The compress_get_hpointer() converts the timestamp into actual time. But Android needs it in samples. To avoid the inefficiency of using compress_get_hpointer() and converting into time and then back into samples, this change adds compress_get_tstamp() which returns the raw struct snd_compr_tstamp.
the conversion could be handled in tinycompress (user-space) rather than adding a new kernel ioctl that everyone will need to implement.
This isn't adding a new ioctl. It's adding a tinycompress function to give the client a way of calling the existing SNDRV_COMPRESS_TSTAMP ioctl, which gets the position in samples.
Loss of efficiency? It's not that bad really
It's silly to get something in the required format, convert it to the wrong format, then convert it back again, when it's trivial to just return it in the correct format. And all unnecessary code wastes a little battery power - if you call it often the waste starts to become measurable.

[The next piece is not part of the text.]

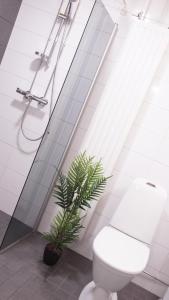 奥卢Lovely 2R apartment的一间带卫生间和植物的浴室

It's worse if the divide is done in software. Not all ARM processors have hardware divide so the three divides in compress_get_hpointer are not necessarily trivial (especially if you're building a low-power embedded device using a simpler ARM instead of the latest high-end ARM.)
Divide is the most difficult math operation to do in hardware, so any good programmer that cares about efficiency/speed/power consumption on embedded platforms should be suspicious of code that needs a divide.